> _ASSIGNMENT_: Once you reach the line with "virtual staging living" below, copy each line exactly, stopping after the line with "13.09.2026 - 21.", and skip any pictures.

> _LISTED ENTRIES_:
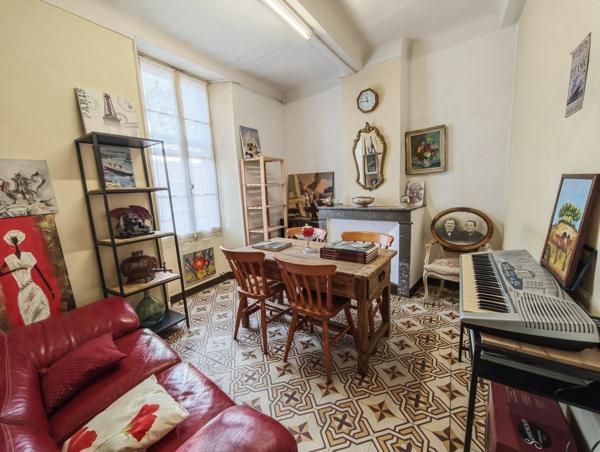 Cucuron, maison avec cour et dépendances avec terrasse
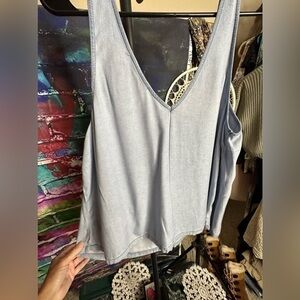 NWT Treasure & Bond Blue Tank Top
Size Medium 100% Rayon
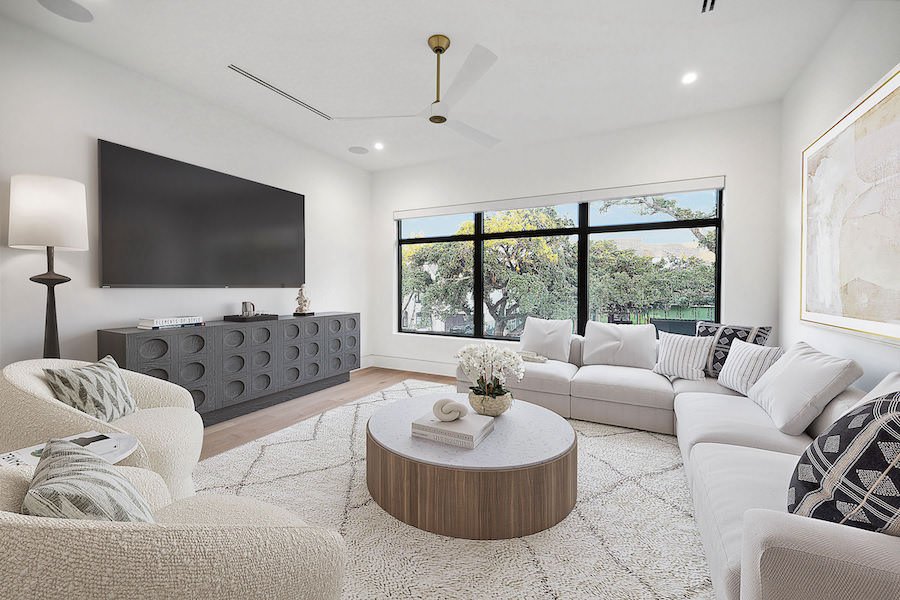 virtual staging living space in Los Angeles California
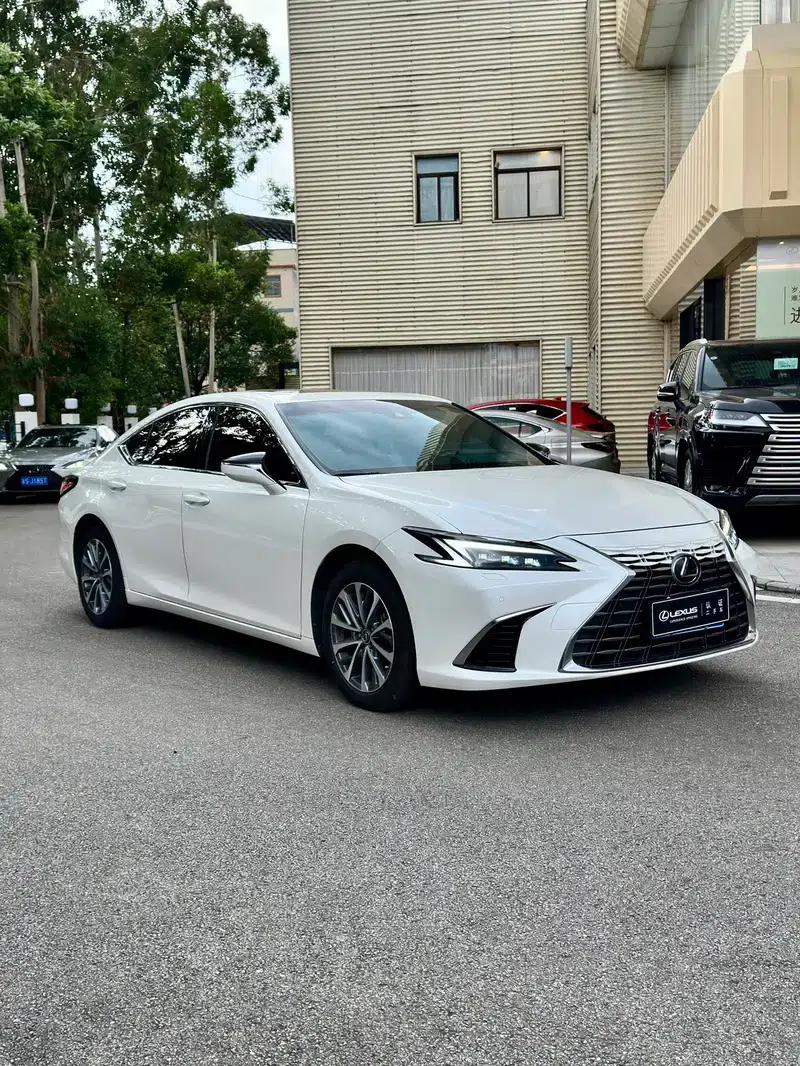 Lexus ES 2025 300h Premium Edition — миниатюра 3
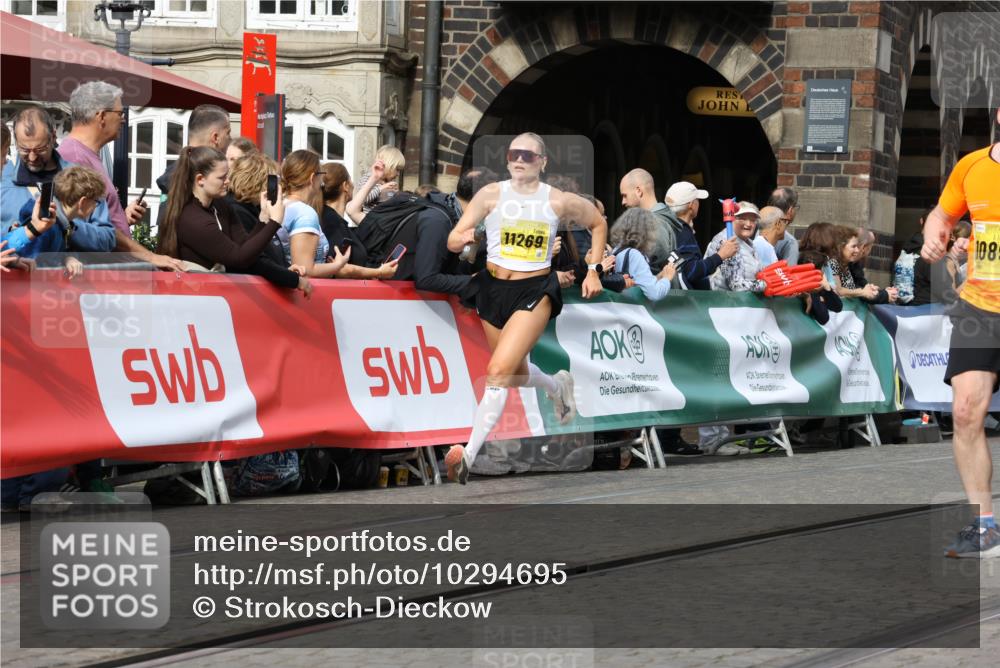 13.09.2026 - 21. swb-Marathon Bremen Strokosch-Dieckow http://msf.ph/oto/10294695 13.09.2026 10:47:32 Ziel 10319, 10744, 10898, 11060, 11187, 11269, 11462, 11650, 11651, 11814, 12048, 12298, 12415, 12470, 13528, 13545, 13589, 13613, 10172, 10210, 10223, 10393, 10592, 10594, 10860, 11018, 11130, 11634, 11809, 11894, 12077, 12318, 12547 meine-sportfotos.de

---

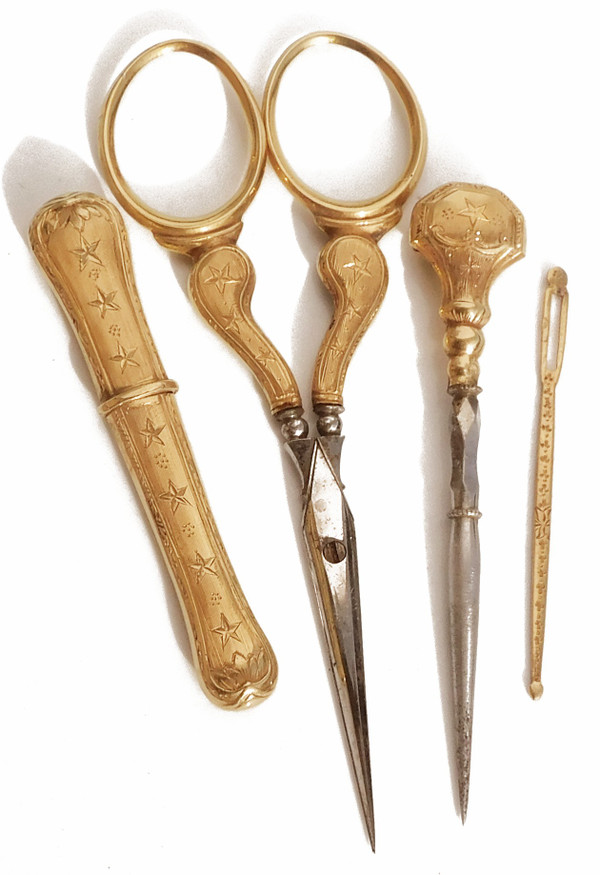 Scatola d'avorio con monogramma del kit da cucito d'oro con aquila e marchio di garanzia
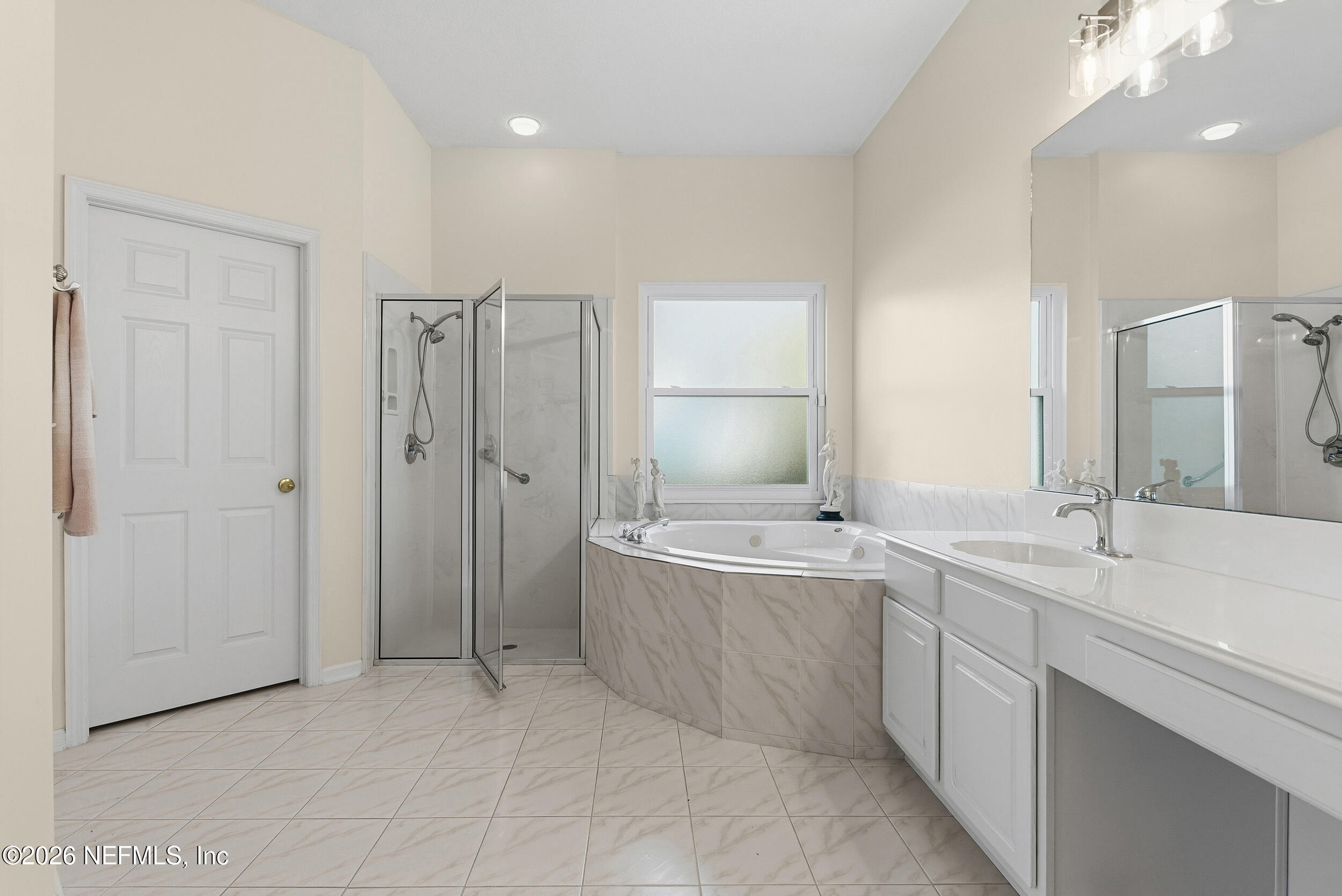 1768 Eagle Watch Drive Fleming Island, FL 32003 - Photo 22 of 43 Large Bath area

> _PROBLEM SOLUTION_:
 virtual staging living space in Los Angeles California
 Lexus ES 2025 300h Premium Edition — миниатюра 3
 13.09.2026 - 21. swb-Marathon Bremen Strokosch-Dieckow http://msf.ph/oto/10294695 13.09.2026 10:47:32 Ziel 10319, 10744, 10898, 11060, 11187, 11269, 11462, 11650, 11651, 11814, 12048, 12298, 12415, 12470, 13528, 13545, 13589, 13613, 10172, 10210, 10223, 10393, 10592, 10594, 10860, 11018, 11130, 11634, 11809, 11894, 12077, 12318, 12547 meine-sportfotos.de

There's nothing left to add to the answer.